Seems like a reasonable guess, and wouldn't it be cool if we would be able to use purchased StaffPad extensions (I think I bought them all ) in Muse Score 4 and/or Muse Sounds in StaffPad one day? I wonder!


----------



## Markrs

sctaylorcan said:


> Seems like a reasonable guess, and wouldn't it be cool if we would be able to use purchased StaffPad extensions (I think I bought them all ) in Muse Score 4 and/or Muse Sounds in StaffPad one day? I wonder!


Apple don't let the developer know who owns add-ons as far as I am aware. This is the reason you have buy the add-ons for Windows tablets and Apple tablets separately rather than buying once and using on either platform.

So sadly I don't think it will be possible. On top of that I don't think the 3rd party developers would allow it for fear it caniblises their sales.


----------



## Jett Hitt

Markrs said:


> Apple don't let the developer know who owns add-ons as far as I am aware. This is the reason you have buy the add-ons for Windows tablets and Apple tablets separately rather than buying once and using on either platform.
> 
> So sadly I don't think it will be possible. On top of that I don't think the 3rd party developers would allow it for fear it caniblises their sales.


The only upside is that the developers might be inclined to produce versions for Musescore. There are tons and tons of Musescore users, so it could be a pretty good market for them. On the other hand, Musescore will be able to use VSTs, and my understanding is that they have immediate plans to expand these capabilities right after Musescore 4 is released.


----------



## sonofharris

soundofmaw said:


> I'm a Dorico user as well and highly recommend it. However, this is on the horizon - MuseScore 4 with Muse Sounds - enter the notes and hit play, that's it (no other fussing with CC's or complicated VST mapping - unless you want to use your 3rd-party VST's, which you can)...
> 
> 
> 
> Similar to StaffPad but for desktop, and totally free. The beta is supposed to be out soon. It will be interesting to see if it can live up to the expectations. But for now, Dorico is pretty phenomenal.
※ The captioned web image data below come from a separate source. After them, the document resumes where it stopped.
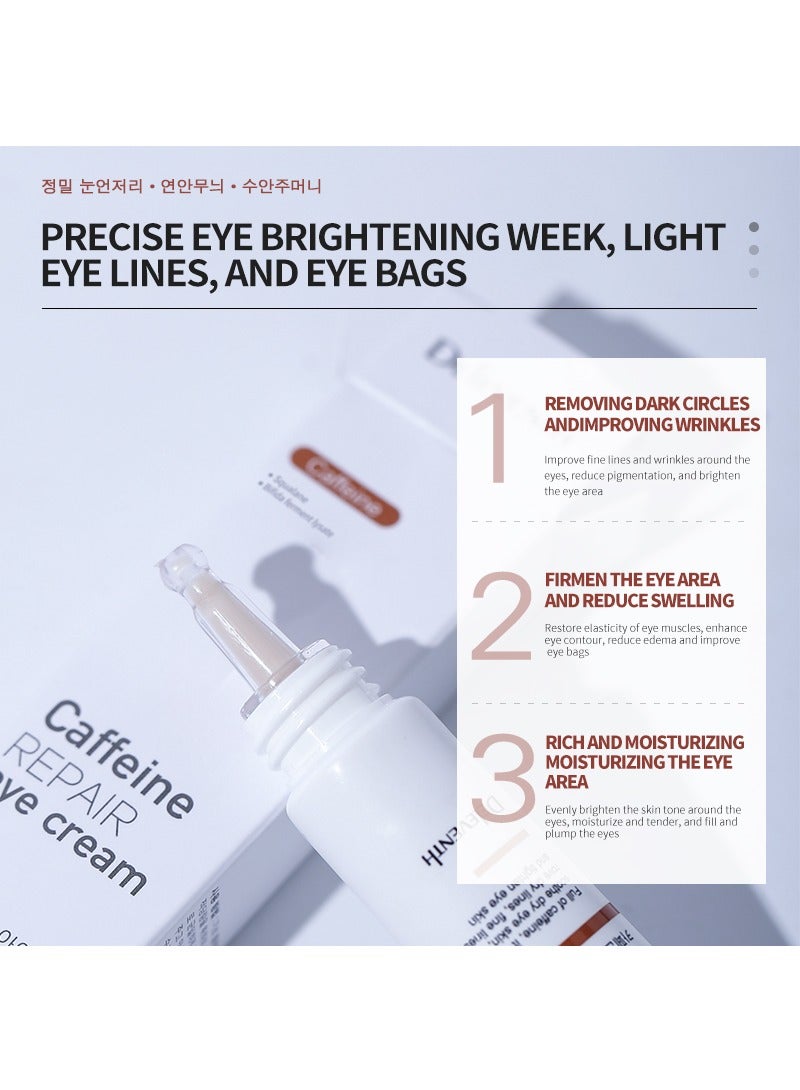 DEleventh Korean Brand Caffeine Repair Eye Cream 20g / Anti-wrinkle, Reduces Puffiness and Dark Circles, Hydrates, Firms Delicate Skin and Smoothes Fine Lines for a Refreshed Look - Image 3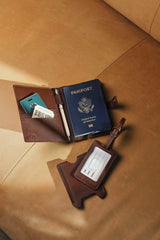 The Passport & Luggage Tag Set in Maple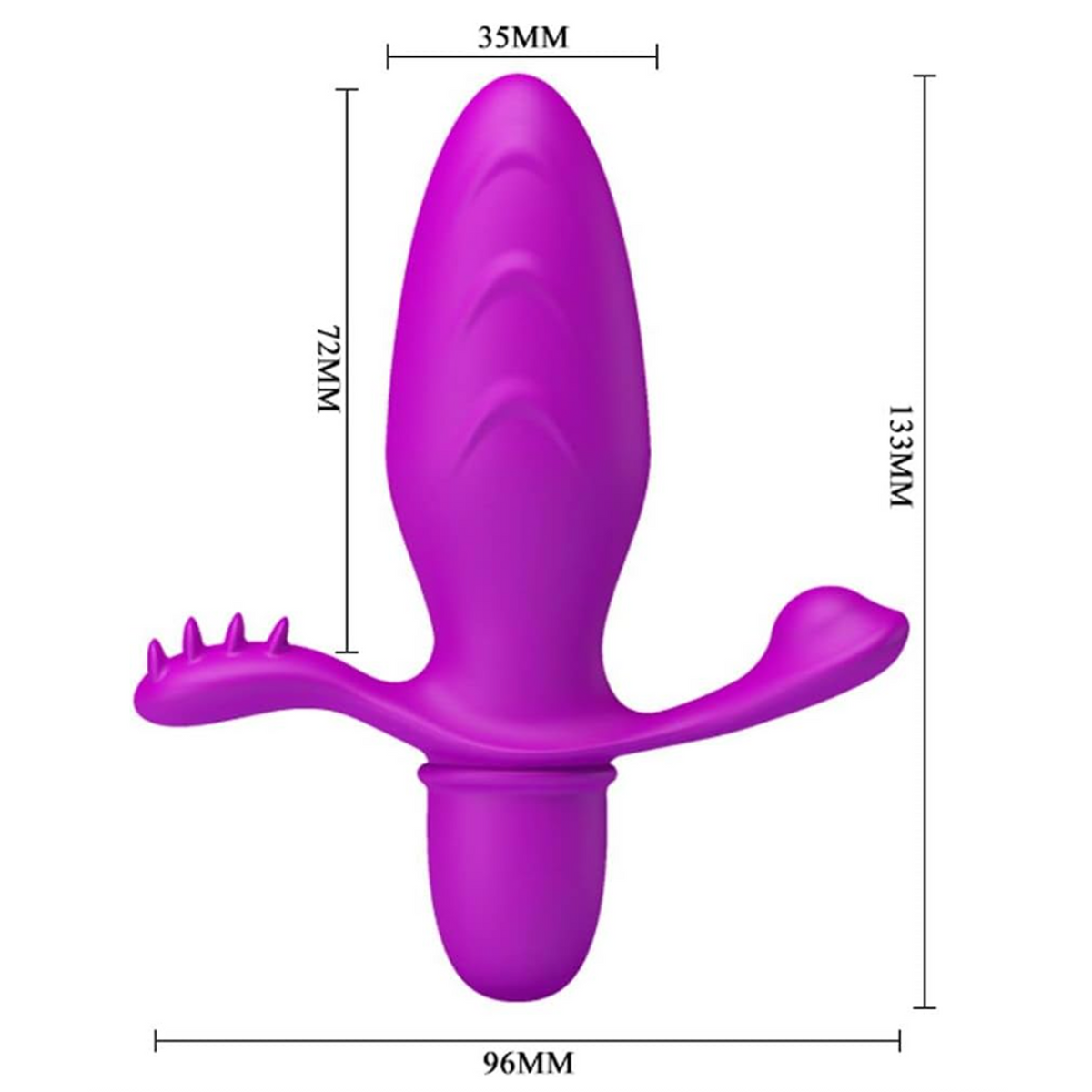 Pretty Love Fitch Anal Vibrator - Fuchsia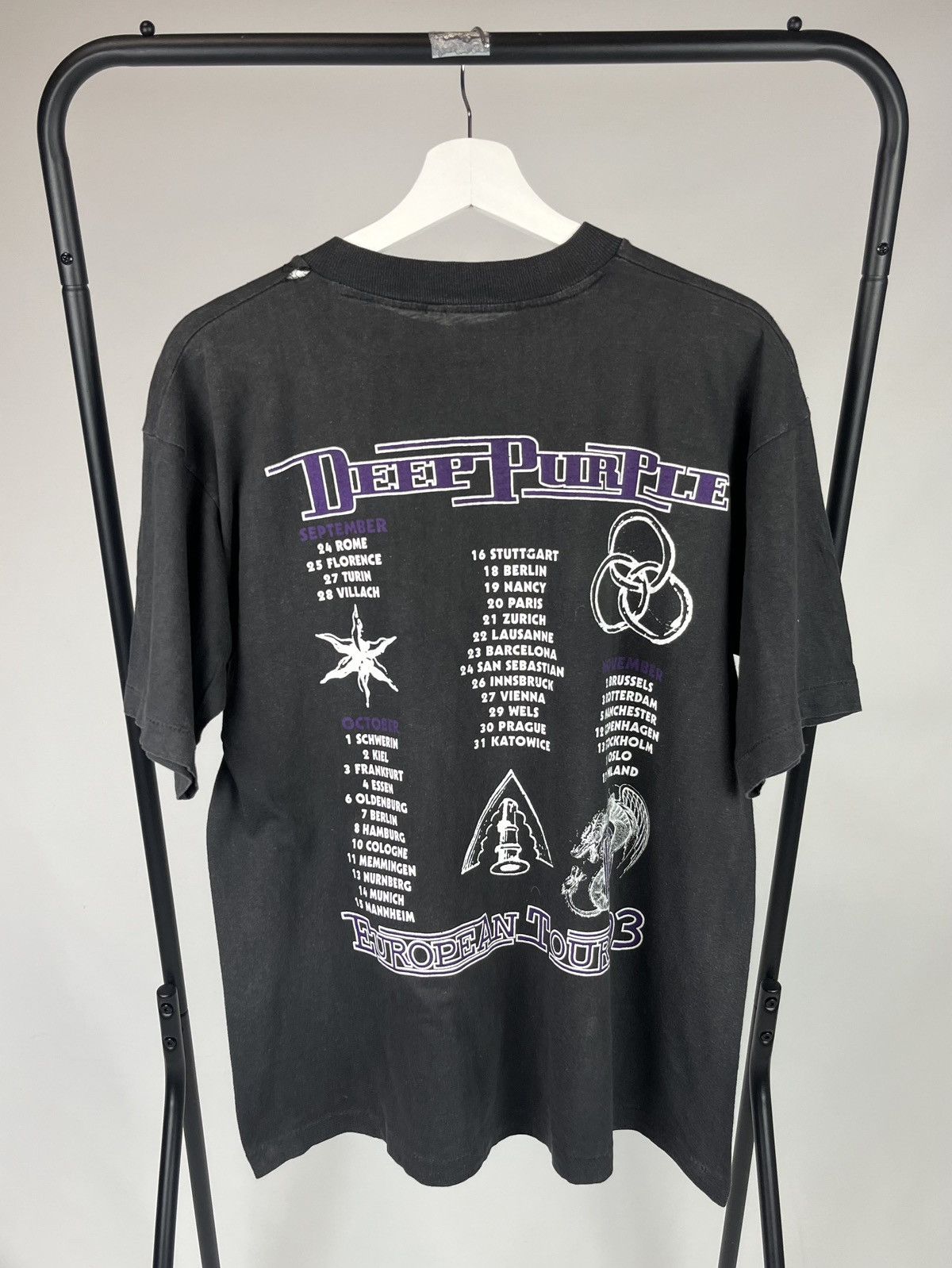 Vintage Vintage Band Tee 90’s DeepPurple European Tour1993/94 Dragon Size US L / EU 52-54 / 3 - 13 Thumbnail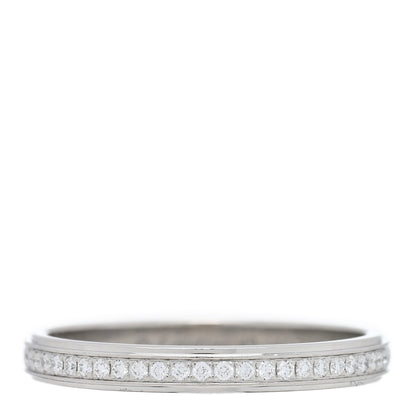 Cartier Platinum Diamond 2.3mm D'Amour Wedding Band Ring 49 5 1 of 4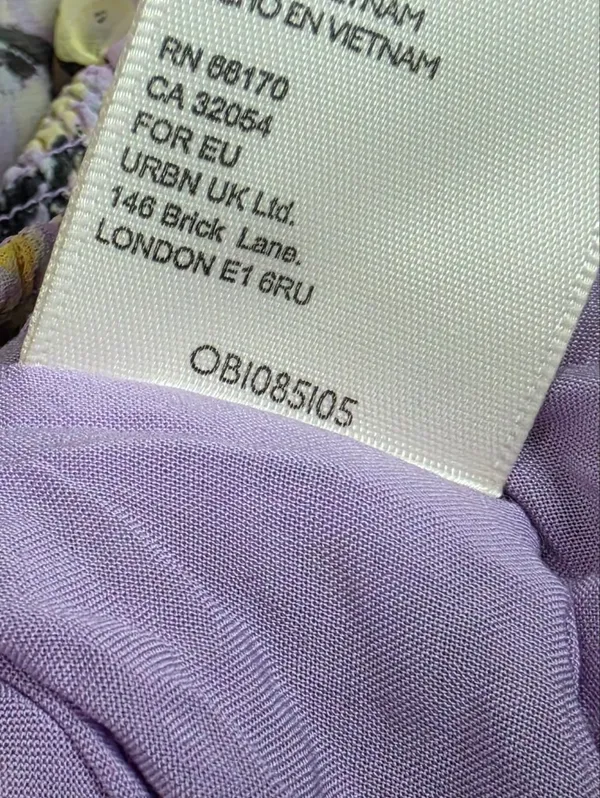 Free People Mabel Printed Blouse in Lilac Combo - Image 8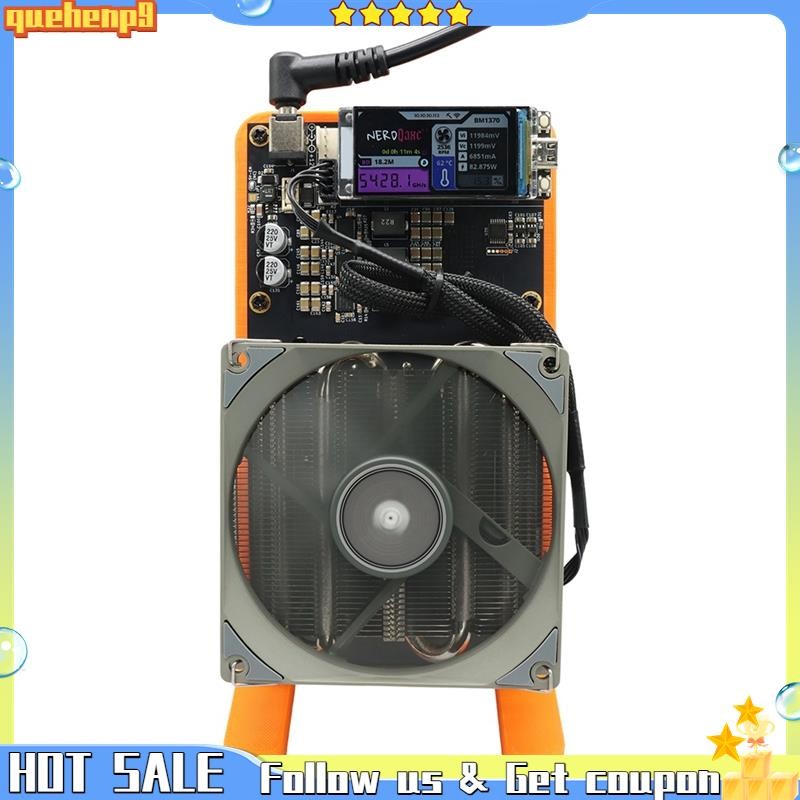 [quehenp9] NerdQaxe++ BTC Solo Miner 4.8T-5TH/S 80W 4XBM1370 ASIC ชิปเปิดแหล่ง Bitcoin Crypto Miner 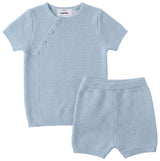 Wrap Cotton Knit Shorts Set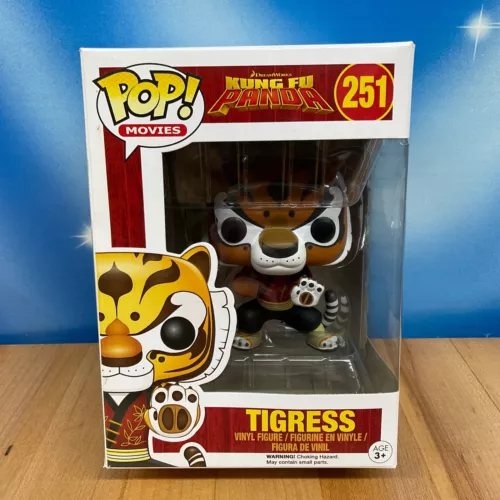 Funko Pop TIGRESS #251 KUNG FU PANDA Vinyl Figure In Soft Protector NIB Vaulted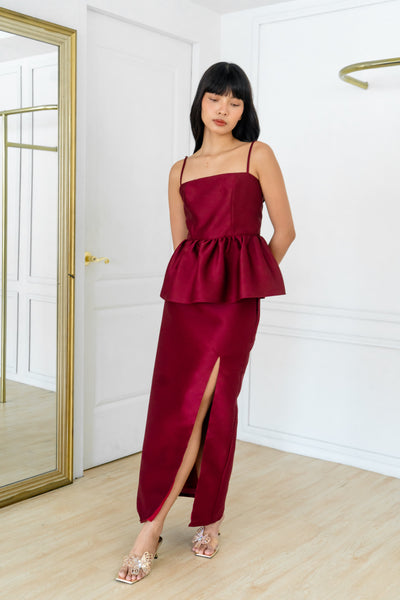 Gloria top (MAROON)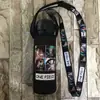 Cubierta de taza de material de buceo al por mayor, funda protectora de vaso aislante cruzada, caricatura linda, resistente a caídas, bolsa de mano para taza de agua en stock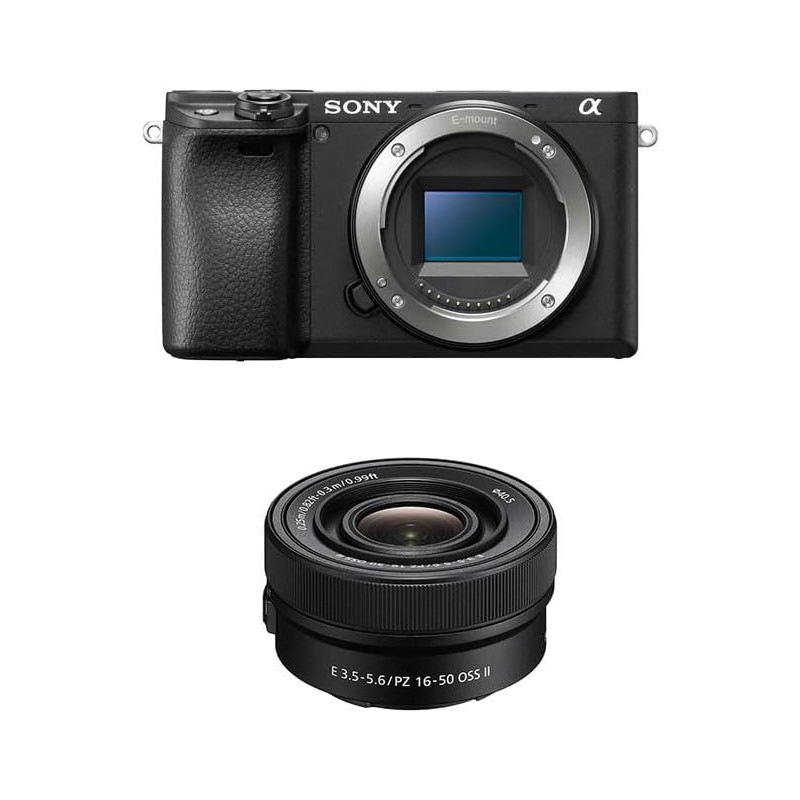 Sony Alpha 6400 | Appareil Photo Numérique Hybride APS-C avec 16-50mm Objectif (24, 2 MP, AF en 0.02s, Suivi des Yeux, 4K HLG, E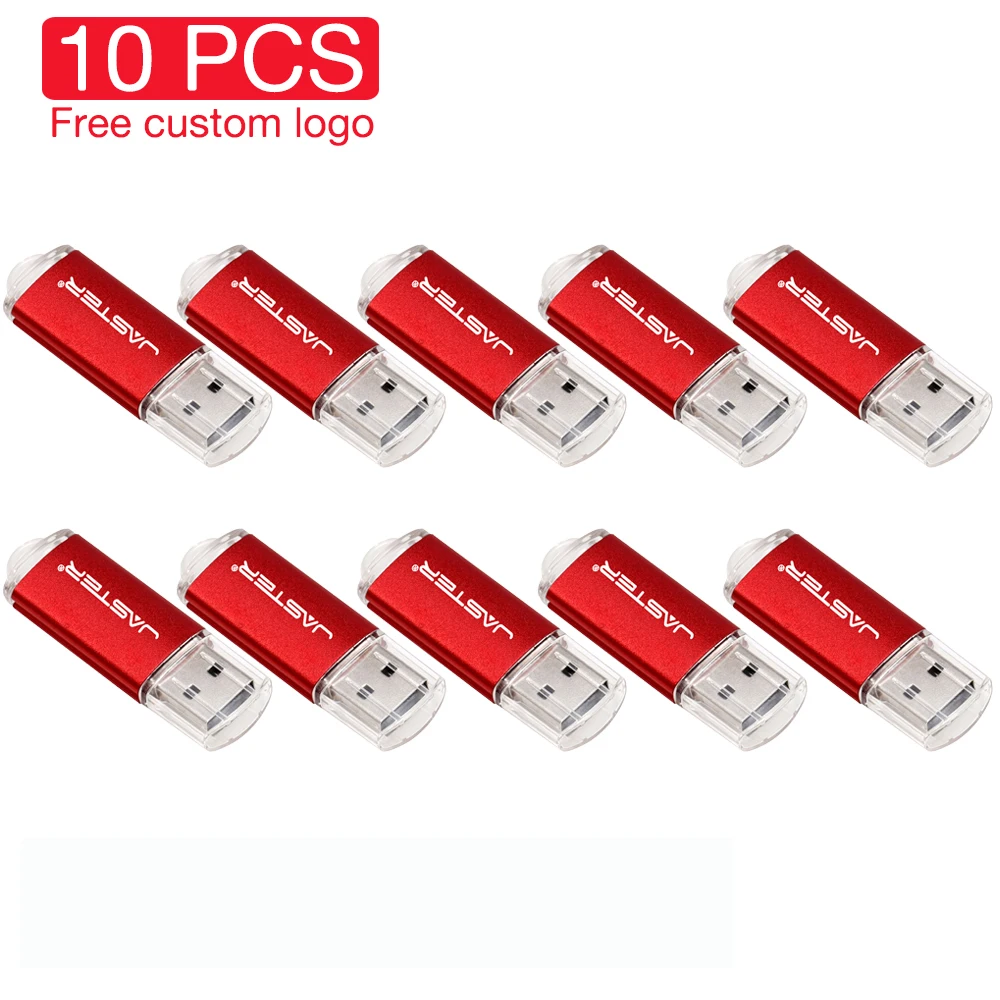 

10PCS/LOT Colorful USB 2.0 Flash Drives 128GB Mini Pen Drive 64GB Real Capacity Memory Stick 32GB Pendrive 16GB Business Gift
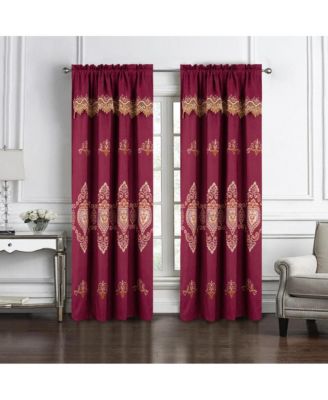 Bonnie Macrame Room Darkening Curtain Panel
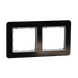 Рамка 2 поста Schneider Electric SDD361802 Sedna Elements чорне скло пластик фото 1/2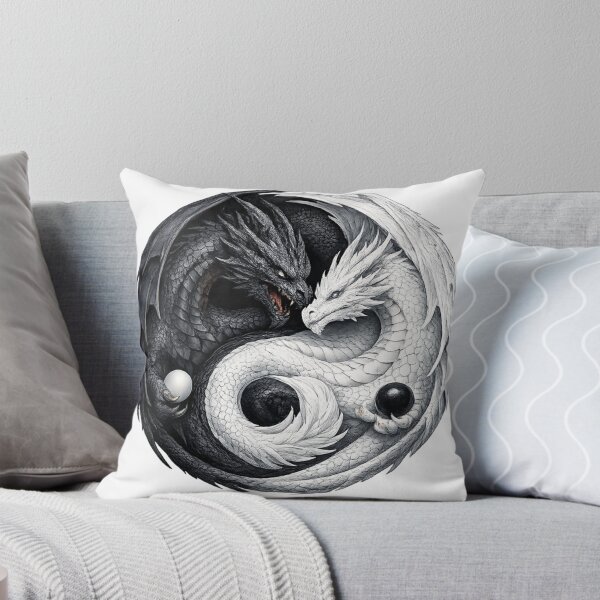 Item preview, Balanced Dragons Yin-Yang Artwork – Light and Shadow Fantasy Design designed and sold by RolMerch.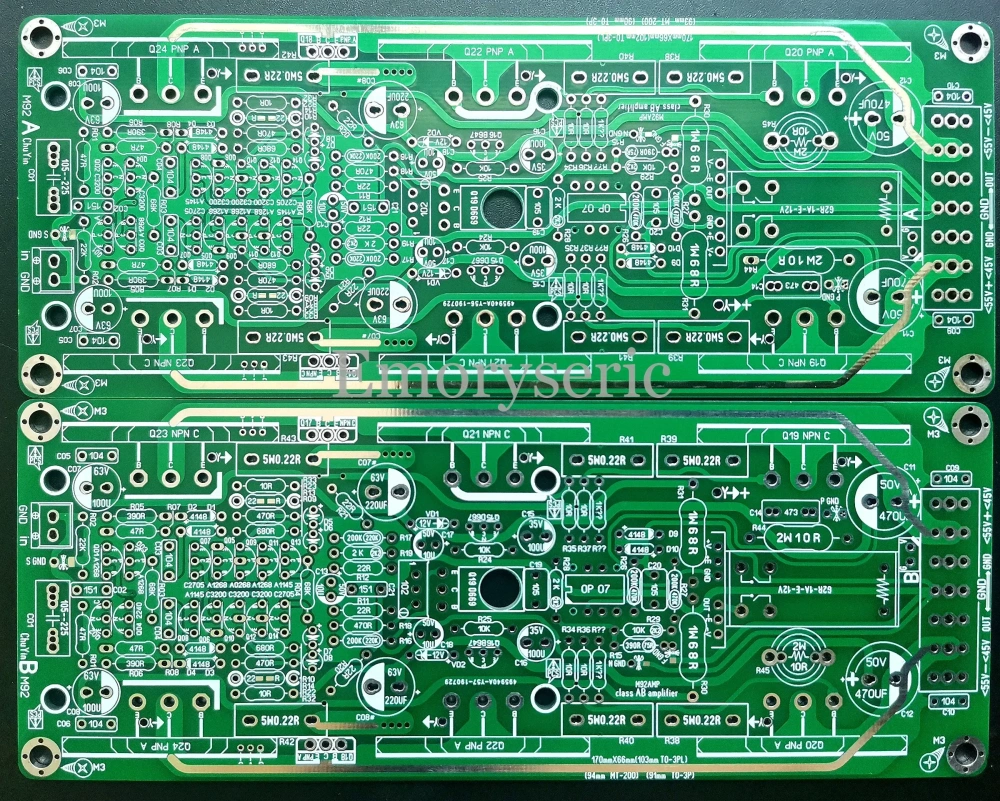 Marantz 9S2 Replica Dual Channel Mirror Design Pure Power Amplifier PCB, HiFi Audio Bare Board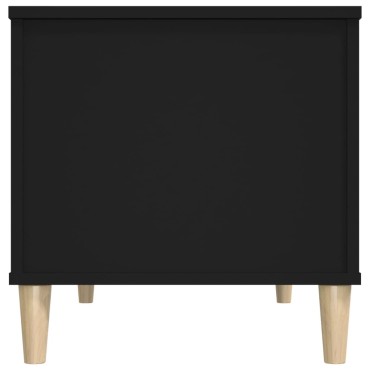 vidaXL Τραπεζάκι Σαλονιού Μαύρο 90x44,5x45cm Επεξεργασμένο Ξύλο 1 τεμ.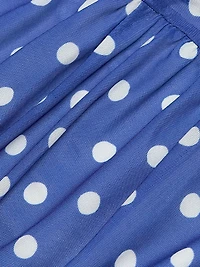 Le Fleur Ezli Polka-Dot Maxi Dress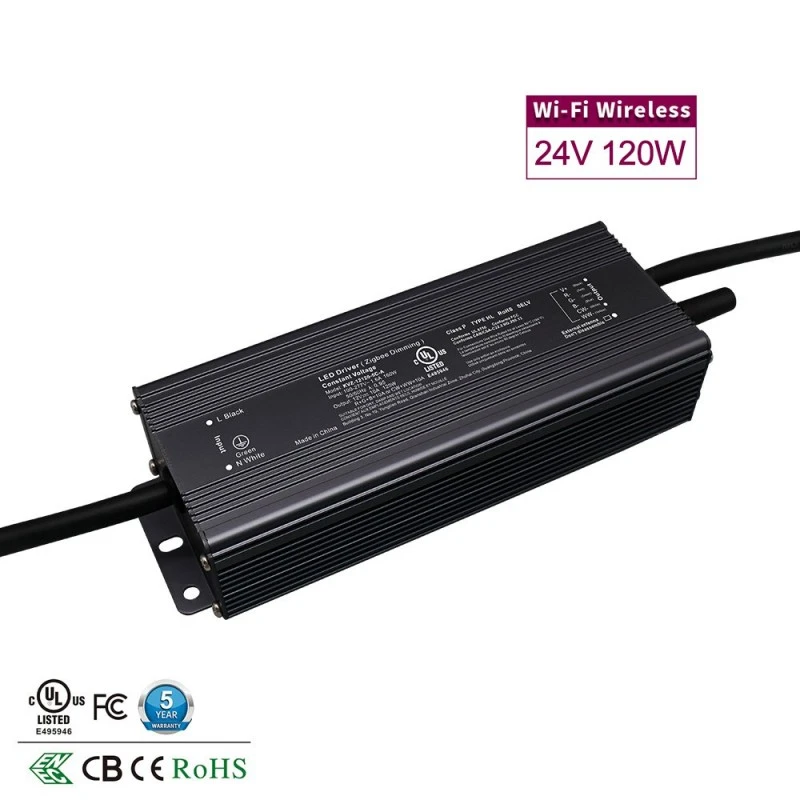Tuya Zigbee belaidžio pritemdymo pastovios įtampos 120W LED tvarkyklė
Checked out Dorico looks good , this will work for me if I could only get the thing to work.
I downloaded trial pro 4. Once pc is started Dorico opens ok but if i close it and then reopen I have to restart pc, and it crashes with East West Opus nightmare.
Any tips mate.


----------



## Woodie1972

Maybe the VST audio engine is still running in the background, causing Dorico to crash when you re-open it. Maybe check in your task manager if this is the case, and if yes, kill the process 
Why Hollywood crashes I can't say as I don't have the library, but 9 out of 10 times it's a bad plugin. Updating the Play plugin might solve that.


----------



## sonofharris

Thank you


----------



## soundofmaw

sonofharris said:


> Checked out Dorico looks good , this will work for me if I could only get the thing to work.
> I downloaded trial pro 4. Once pc is started Dorico opens ok but if i close it and then reopen I have to restart pc, and it crashes with East West Opus nightmare.
> Any tips mate.


I use Hollywood OPUS with Dorico and haven't had any issues so far (just to confirm that it does work). If you're still having a problem with crashes, I recommend posting the details on the Dorico forum - other users and the Dorico team are very responsive: https://forums.steinberg.net/c/dorico/8


----------



## sonofharris

soundofmaw said:


> I use Hollywood OPUS with Dorico and haven't had any issues so far (just to confirm that it does work). If you're still having a problem with crashes, I recommend posting the details on the Dorico forum - other users and the Dorico team are very responsive: https://forums.steinberg.net/c/dorico/8


----------



## resinsoft

I feel staffpad sounds really bad according to its mixing and utilizing the 3rd party libraries. 
Note performer doing a really good job of utilizing synth sound and pannings/positioning, but it is synth
If you have big sound library and DAW, and a lot of knowledge, expansive plugins, and time, of course, you should play in DAW.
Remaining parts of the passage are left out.